WHAT THE TASK REQUIRES: Pictures are to be dropped from the copy. Retype the listing exactly.

GIVEN DATA:
▼
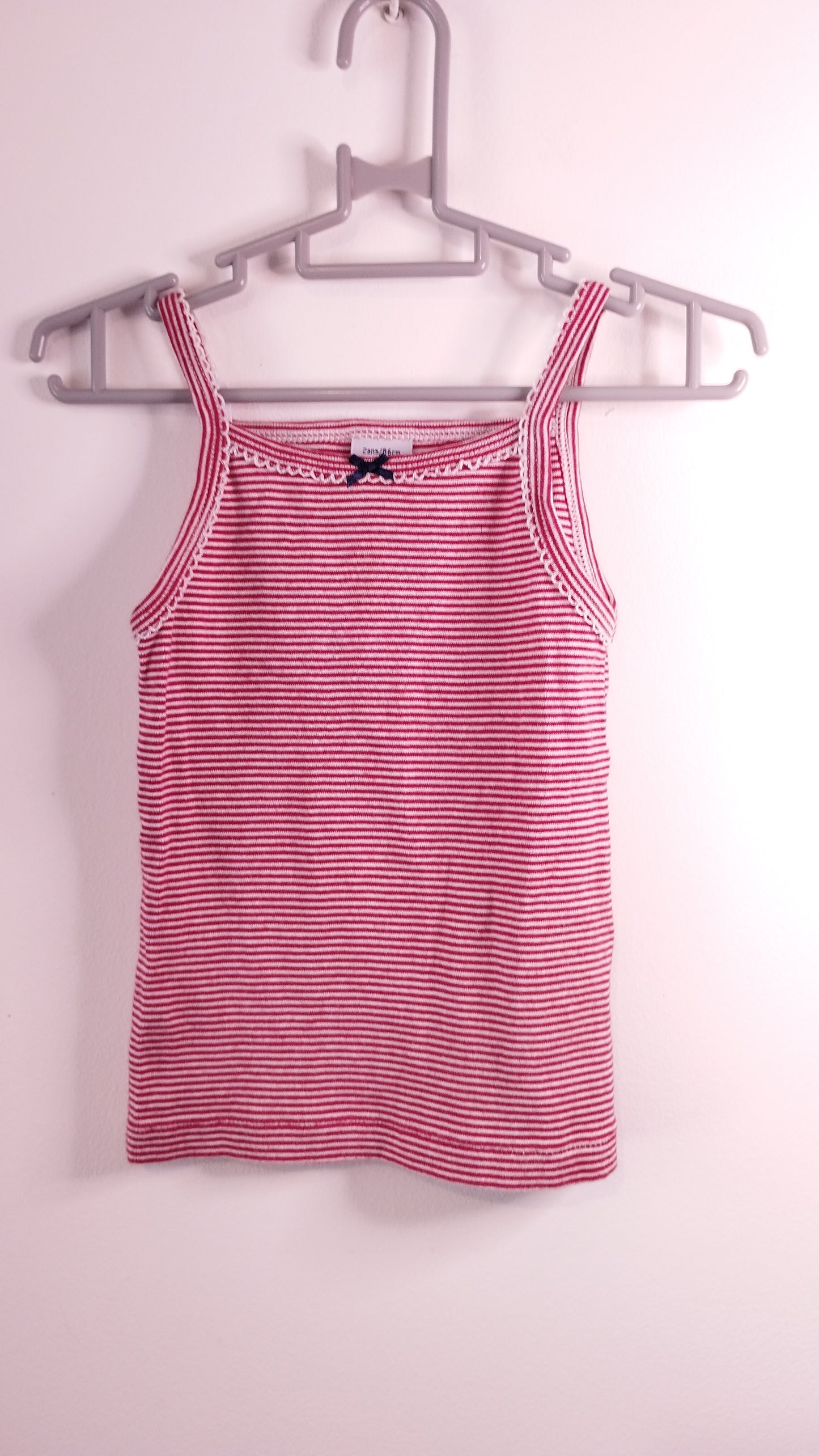 Débardeur Petit Bateau 2 ans
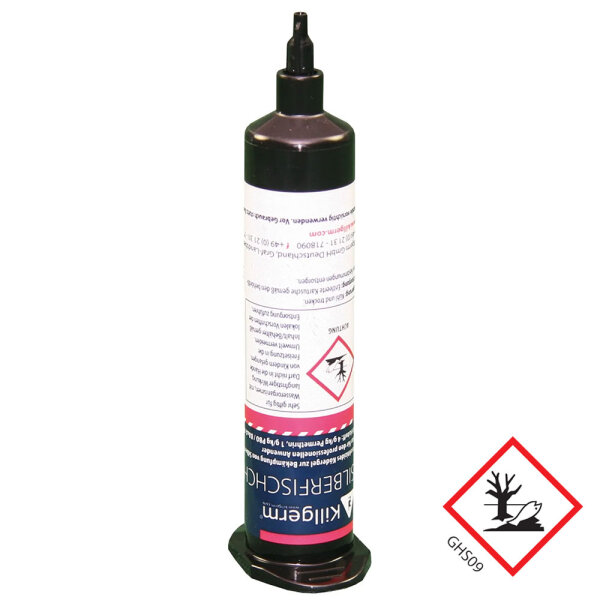 Silberfischchengel Profi 35g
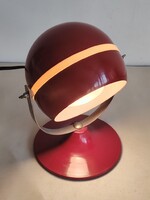 1960 space age Granada Eyeball gömb asztali lámpa ALKUDHATÓ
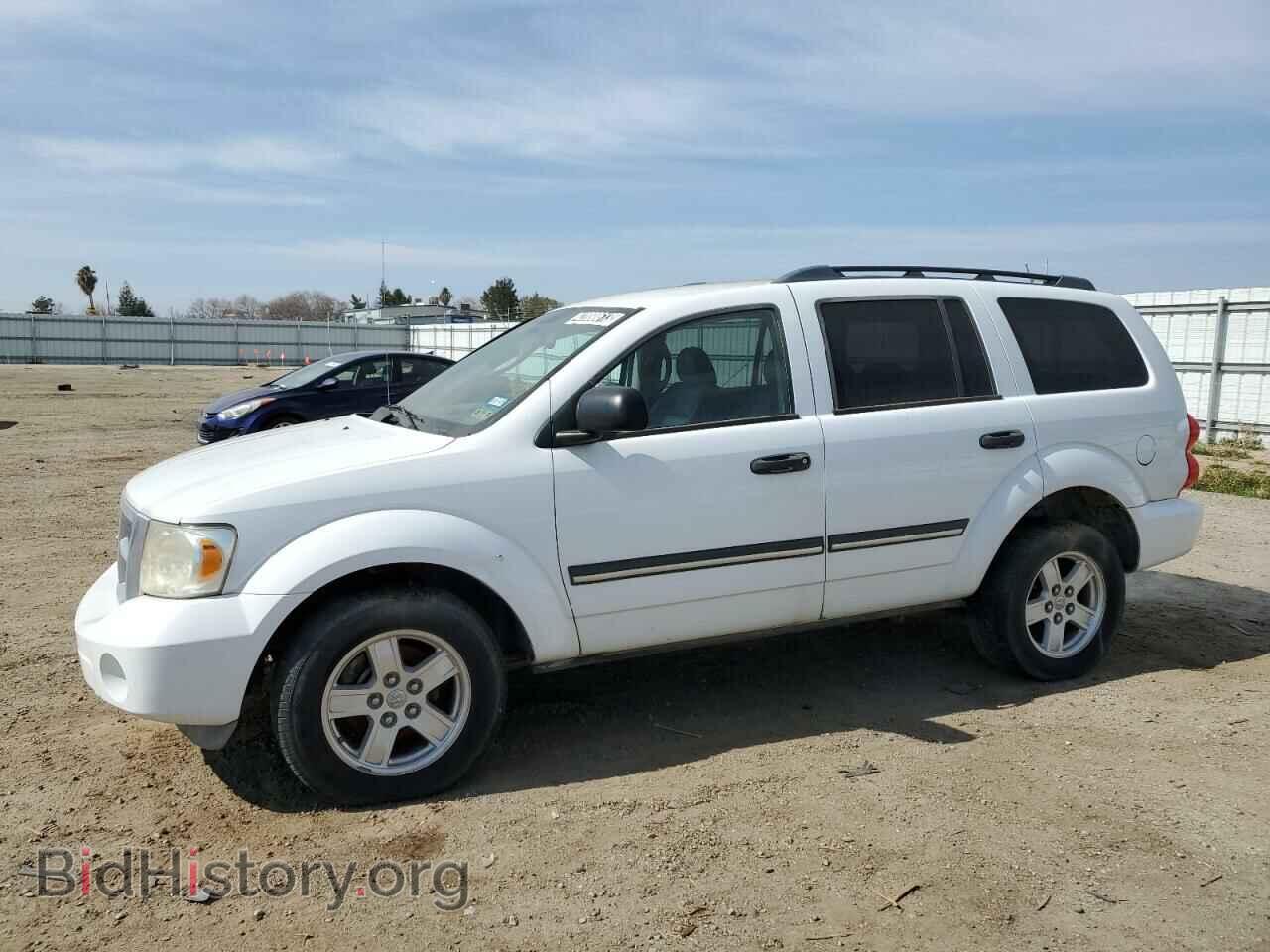 Photo 1D8HB48P97F579164 - DODGE DURANGO 2007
▲
RESULT:
 Débardeur Petit Bateau 2 ans
 Silberfischchengel Profi 35g
 1960 space age Granada Eyeball gömb asztali lámpa ALKUDHATÓ
 Photo 1D8HB48P97F579164 - DODGE DURANGO 2007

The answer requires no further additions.